The above discussions relate to the various principal risks associated with the Fund, the Fund's investments, and Shares, and are not intended to be a complete enumeration or explanation of the risks involved in an investment in the Fund. Prospective investors should read this entire Prospectus and the SAI, and consult with their own advisors before deciding whether to invest in the Fund. In addition, as the Fund's investment program or market conditions change or develop over time, an investment in the Fund may be subject to risk factors not currently contemplated or described in this Prospectus.

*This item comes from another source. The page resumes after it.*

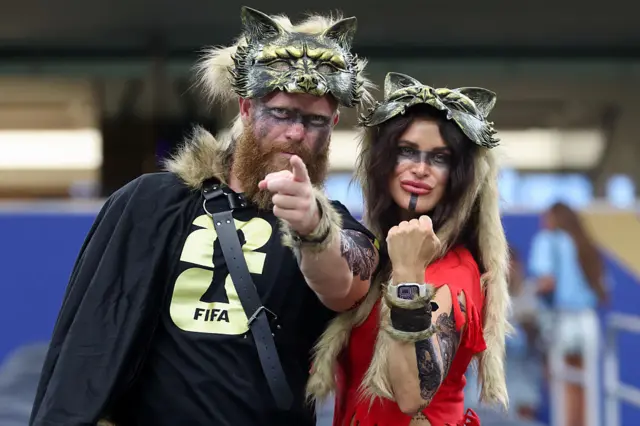 Two Norway fans wear wolf masks ahead of the FIFA World Cup 2026 Round of 32 match between Côte d'Ivoire and Norway.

**MANAGEMENT OF THE FUND**

**General**

The Board of Trustees has overall responsibility for monitoring and overseeing the Fund's investment program and its management and operations.

**The Advisor**

The Fund's investment advisor, Advisors Asset Management, Inc., 18925 Base Camp Road, Suite 203, Monument, Colorado 80132, is registered as an investment advisor with the SEC. As the Fund's investment advisor pursuant to the Advisory Agreement, the Advisor provides investment advice to the Fund under the ultimate supervision of, and subject to any policies established by, the Board. The Advisor is a wholly-owned subsidiary of AAM Holdings, Inc. Sun Life Financial Inc. holds a majority interest in AAM Holdings, Inc. As of December 31, 2025, the Advisor had approximately $2.2 billion in assets under management and provides investment solutions to high-net-worth and retail investors.

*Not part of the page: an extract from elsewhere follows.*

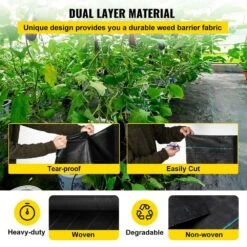 Weed Barrier, 5.8 Oz. Landscape Fabric, 4 Ft. X 300 Ft. Cover Mat Heavy Duty Woven Grass Control Geotextile, Black -Patio Furniture Shop vevor landscape fabric fcby43005 8ozwk6gv0 v0812 4f 1000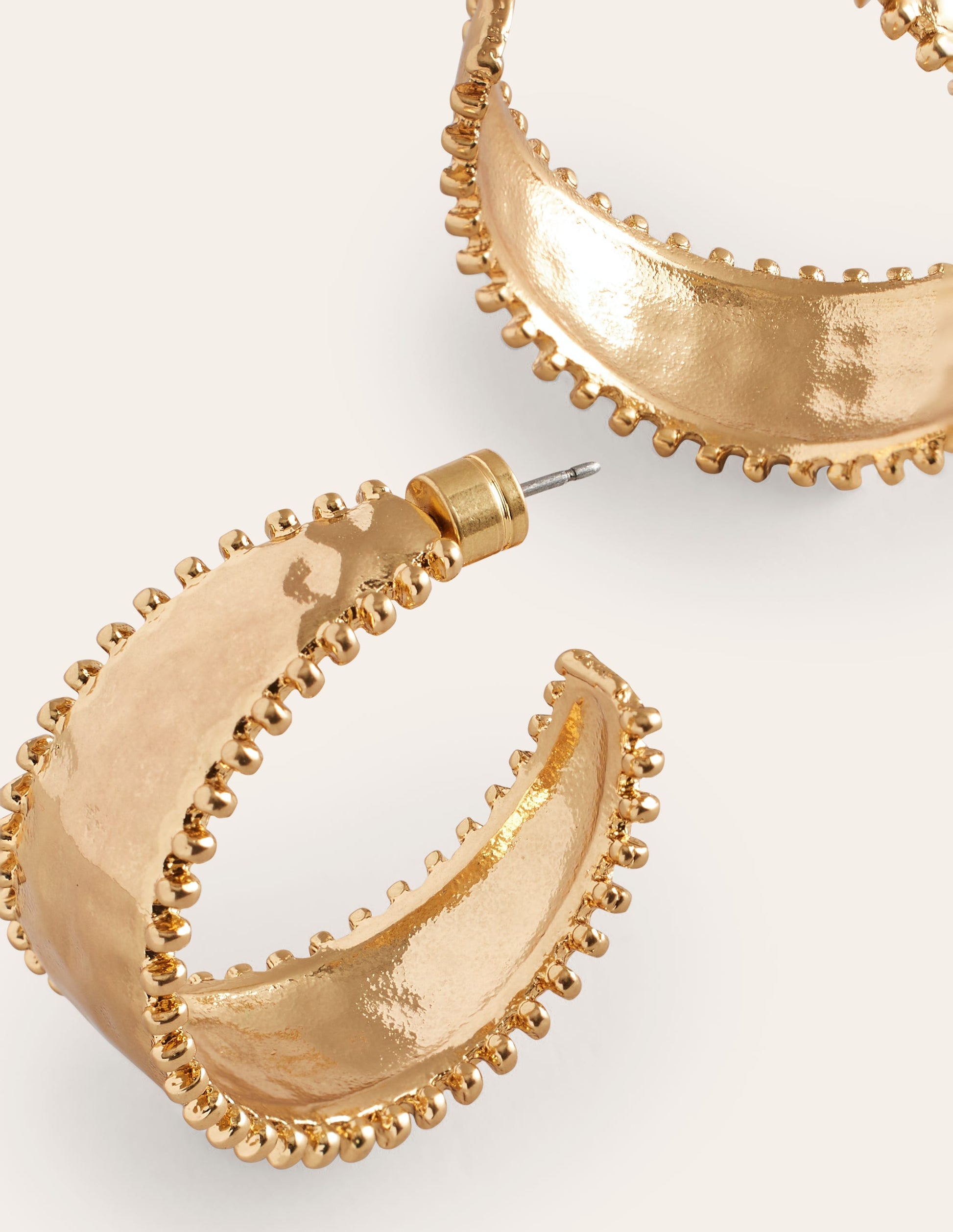 Hammered Bobble Hoops-Gold-3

Pursuant to the Advisory Agreement, the Fund pays the Advisor an annual advisory fee of 1.25% of the Fund's average daily net assets for the services and facilities it provides, payable on a monthly basis. After its initial two-year period, the Advisory Agreement will continue in effect with respect to the Fund from year to year only if such continuance is specifically approved at least annually by the Board or by vote of a majority of the Fund's outstanding voting securities and by a majority of the Trustees who are not parties to the Advisory Agreement or interested persons of any such party, at a meeting called for the purpose of voting on the Advisory Agreement. The Advisory Agreement is terminable without penalty by the Trust on behalf of the Fund, upon giving the Advisor 60 days' notice when authorized either by a majority vote of the Fund's shareholders or by a vote of a majority of the Board, or by the Advisor on 60 days' written notice, and will automatically terminate in the event of its "assignment" (as defined in the 1940 Act).

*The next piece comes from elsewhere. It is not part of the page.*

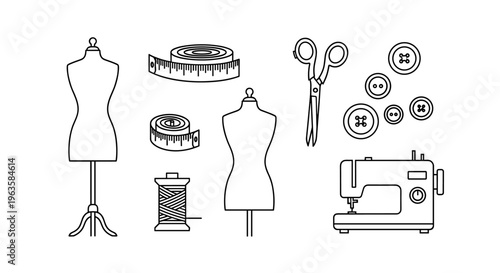 Collection of sewing and tailoring tools and supplies, line art illustration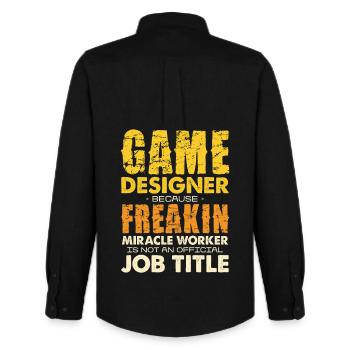 Game Designer Wunderwerker - Chemise Oxford homme Stanley/Stella - noir - Dos - AI Model Male 185 dark (185cm)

Pursuant to the Advisory Agreement, the Advisor receives a management fee accrued daily and paid monthly in arrears at the annual rate of 1.25% of the Fund's average daily net assets. The Fund bears all expenses incurred in its business and operations, other than those borne by the Advisor, pursuant to its agreement with the Fund, including, but not limited to all investment related expenses (e.g., costs and expenses directly related to portfolio transactions and positions for the Fund's account such as direct and indirect expenses associated with investments); brokerage commissions; the management fee; any non-investment related interest expense; legal and accounting fees; audit and tax preparation fees and expenses; the fees of any administrator or transfer agent retained by the Fund and related expenses; custody fees and expenses; insurance costs; fees and travel-related expenses of members of the Board who are not employees of the Advisor or affiliates of the Advisor; fees and expenses in connection with repurchase offers and any repurchases of Fund Shares; and any extraordinary expenses.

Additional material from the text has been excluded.